Officials are able to remotely look up calls, allowing for commanders to ascertain the situation in real-time so that sound decisions are made. Here's an example: A homeowner calls and reports his house has been hit by lightning and smells smoke. Rather than sending a full structure assignment, just enough units are sent to get the job done. Such was the case July 29 when there were nine reported building fires. However, only three turned out to be working fire situations.
"It is not much different than fighting a battle," says Capt. Thomas Rutledge, the department's spokesman.
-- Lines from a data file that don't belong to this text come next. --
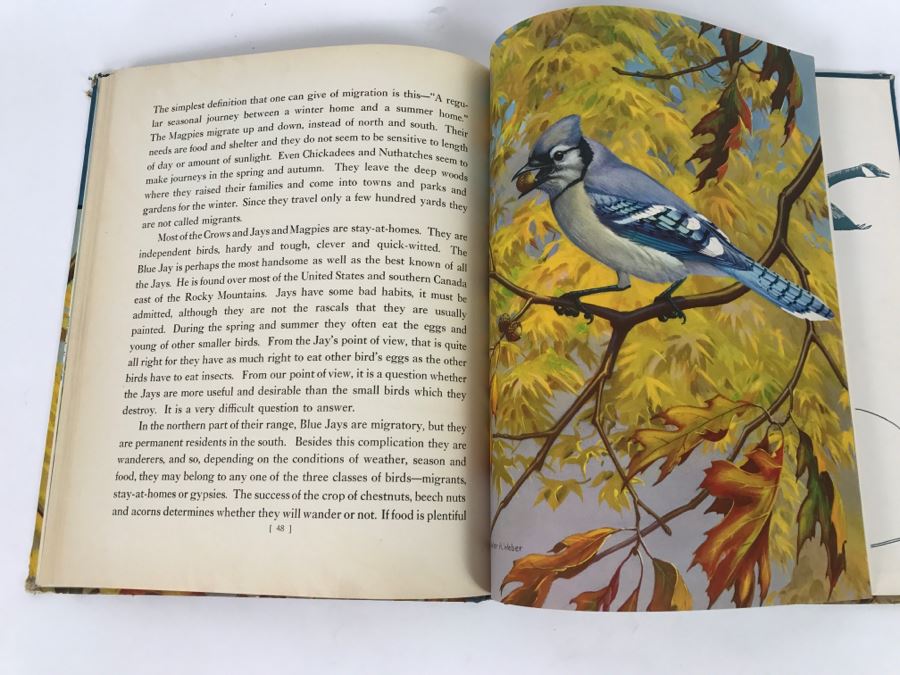 Traveling With The Birds By Rudyerd Boulton Illustrated By Walter Alos Weber - Copyright 1933 By M.A. Donohue And Company [Photo 10]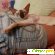 Ориентальная кошка фото - Кошки - Фото 96161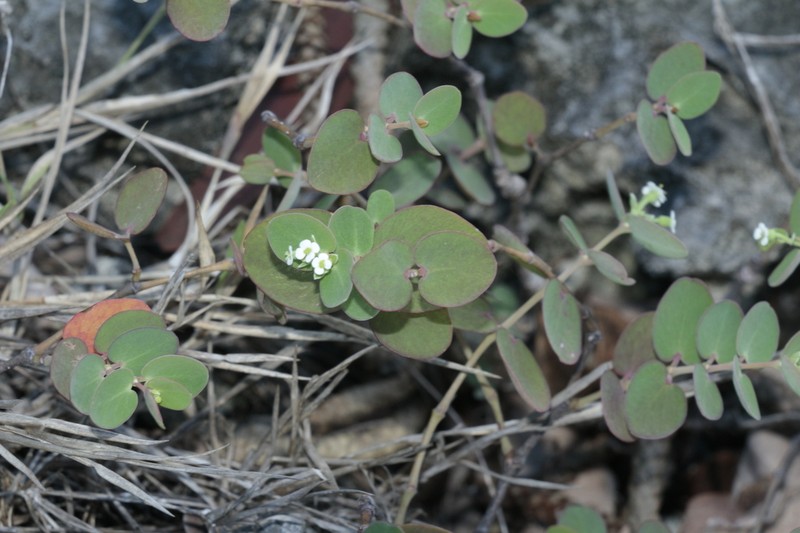 Euphorbia pancheri photo 3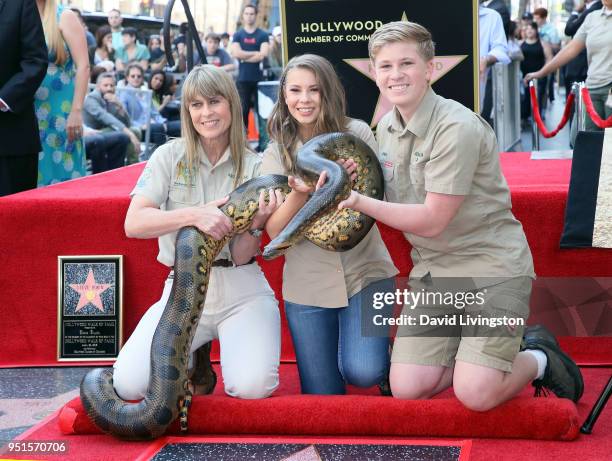 Conservationists/TV personalities Terri Irwin, Bindi Irwin and Robert Irwin attend Steve Irwin being honored posthumously with a Star on the...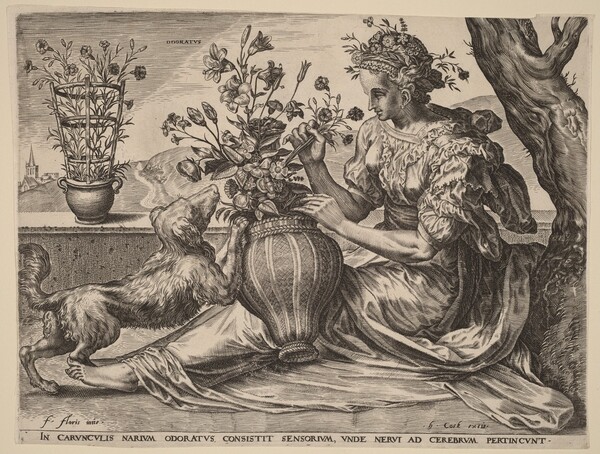 Odoratus (Smell)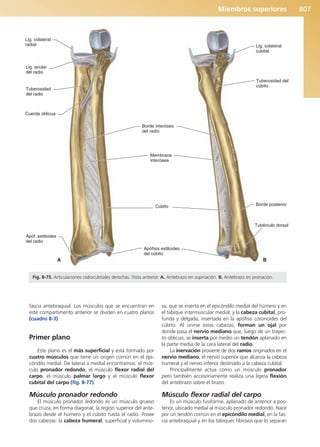 Anatomía Clínica Pró.pdf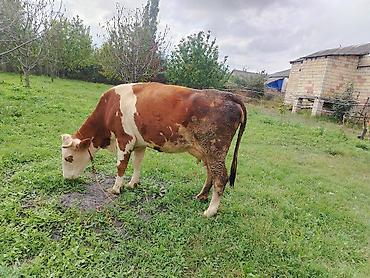 Inəklər, öküzlər: Simental boğaz sünü mayalanmaynan Dekabr 15 doğacaq sütü 23 litir hal — 4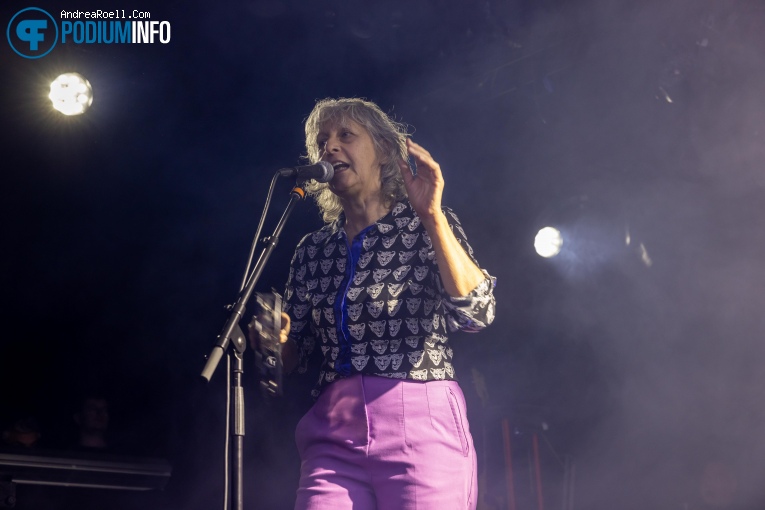 Les Negresses Vertes op Les Negresses Vertes - 11/11 - Tolhuistuin foto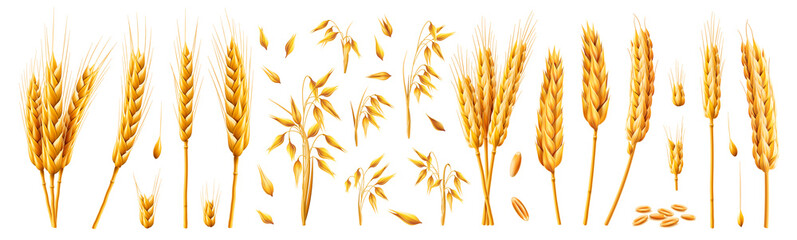 Oats and wheat, rye and barley spikelets and stems. Vector 3d realistic set, cartoon bundle of cereal growing plant with dry texture and seeds. Agriculture and harvesting wholegrain product - obrazy, fototapety, plakaty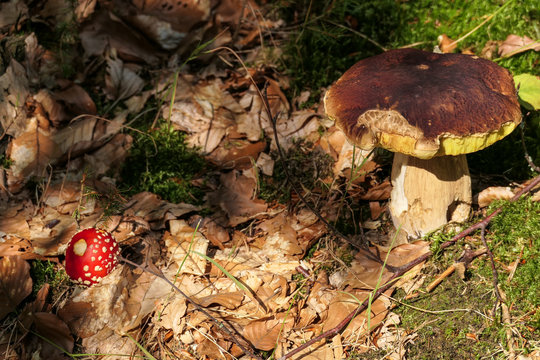 Pilz im herbstlichen Wald
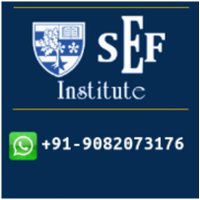 SEF Institute(@SEFInstitute) 's Twitter Profile Photo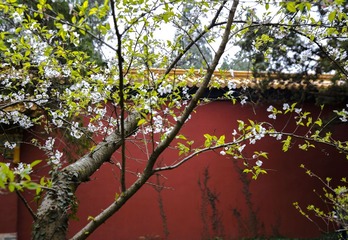 FU0A0461.jpg
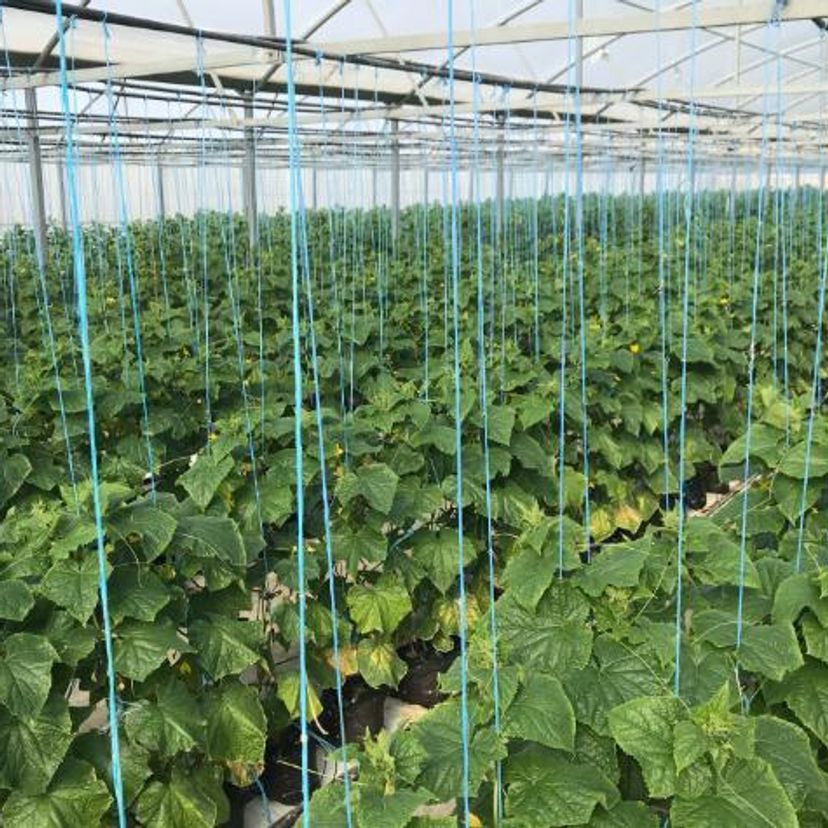 A cucumber hothouse filled with mature plants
One evening, a storm seemed to punch the Lawrenceville-Suwanee Road/Riverside Parkway area in the gut as several working fires within a few miles of each other were confirmed. This required foresight by commanders, much like a battlefield strategy.
"The first (arriving) units get dispatched to their address, and then within just a minute or two, we then have to deploy units from another area to send to their stations for coverage," says Special Operations Chief Charles Wells. "It's a small area of fires, but we have to use a large area to get resources to."
This is due to the fact that commanders must back-fill empty stations with apparatus out on runs with units from outlying stations, sometimes miles away, Rutledge says. Many times, though, they don't get there because they will be dispatched to a call. To cut down on confusion, the plan does not allow units to jump on other calls.
"It requires some restraint on people that, yes, that may sound like a more significant call they can go to, but technically they're not any closer, so they need to stay and be prepared for that next call that comes in," Dusik says.
When Gwinnett's resources are tapped - or vice versa - officials have the option to call for mutual aid from surrounding areas. To ensure full overlap, all fire departments in the area carry the same hose fittings and appliances.
To prepare for the worst, Gwinnett is in the process of having extra engines, trucks, ambulances and manpower units fully stocked and ready to go at a moment's notice. Getting crews for the rigs is as simple as making a couple of phone calls.
"We always try to have more resources than what we need, but you never know," says Wells. "When it comes to storm preparedness and response, Gwinnett firefighters stand poised and ready for the challenge by taking a proactive, rather than a reactive approach."